For my part, I was making an adjustment to the changes in Frank. In my memory he was permanently in his forties, a more garrulous and eccentric version of my father. Frank had been the charismatic oddball in the family, never without a quip, never quite out of the doghouse, but always expansive and charming. I’d often thought that my falsely genial on-radio persona was based on a pale imitation of Frank. Only now he just seemed tired and old.
“You’ve got a nice setup here, Tom,” he said quietly.
“That’s Maureen’s work,” I said. “She busts her ass keeping it all together.”
Frank nodded. “I’ve seen.”
“How long you staying with us?”
Now Frank snickered in a way that recalled, if only faintly, the man I remembered. “How long you have me?”
“You don’t need to be back?” How Frank made his living had always been unclear. He’d been a realtor at some point, then graduated to the nebulous status of “consultant.” Professional bullshitter was always my hunch.
But now he said, “I’m not going back. I think I want to set up out here for a while.”
“Well, for my part you’re welcome to stick around until you find a place,” I said. He’d sounded uncomfortable, and I decided not to pry. “It’s really up to Maureen, you understand. The burden’s on her—”
“Oh, I’ve been helping out,” he said quickly. “I’ve become quite a chef, actually . . .”
The way he trailed away told me I’d probably already eaten several of his meals. “I’m sure,” I said. There was a pause. “Listen, Frank, let’s break the ice. I don’t remember shit about what happens while I’m away. Treat me like a newborn babe when I come back. One who nurses on a whiskey tumbler.”
I watched him relax. He lowered his eyes and said, “I’m sorry, Tom. I haven’t been around family, I mean real family, for so long. It’s got me thinking about the past. You know . . .” He looked up sharply. “You’re a grown man. Have been for a long time. But your dad and your mom and you as a little kid, me coming to visit—that’s how I remember you. Always will, I think.”
“I understand.” I worked on my whiskey.
“Anyway—” He waved his hand dismissively. “It’s good to see you finally. Good to see the three of you together, making it go.”
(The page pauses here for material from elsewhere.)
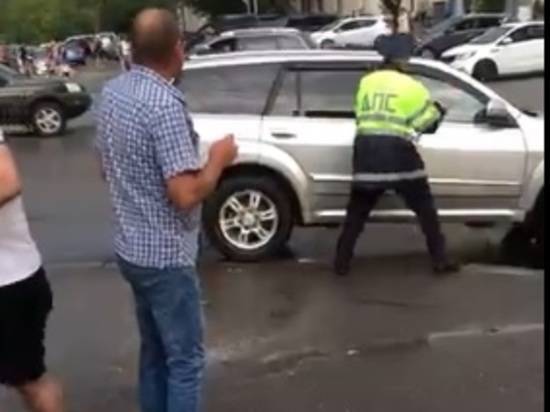 В Волгограде пьяный водитель протаранил две легковушки и хотел скрыться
“I’m glad it looks good.” I could only be honest. “It isn’t always easy.”
“Oh, I didn’t mean, I mean, yes. Of course. And anything, any little thing I can do to help—” He watched my eyes for reaction, looking terribly uncomfortable. “And Tom?”
I nodded.
“I already mentioned this to Maureen and Peter. Uh, you don’t seem to pick up the phone when you’re away, but now that you’re back—”
“Yes?”
“If you do pick up the phone, if anyone calls, I'm not here, okay?”
“Sure, Frank.”
“I just need to create a little distance right now,” he said obscurely.
I wasn’t sure whether to press him on the point. My chance was taken away, anyway, by Maureen’s arrival. She walked in and peered at us over the top of a couple of bags of groceries, then took them on into the kitchen without saying a word. She knew I was back. The drink in my hand told her all she needed to know.
Frank got up and hurried into the kitchen behind her. I heard him insist on putting away the groceries by himself.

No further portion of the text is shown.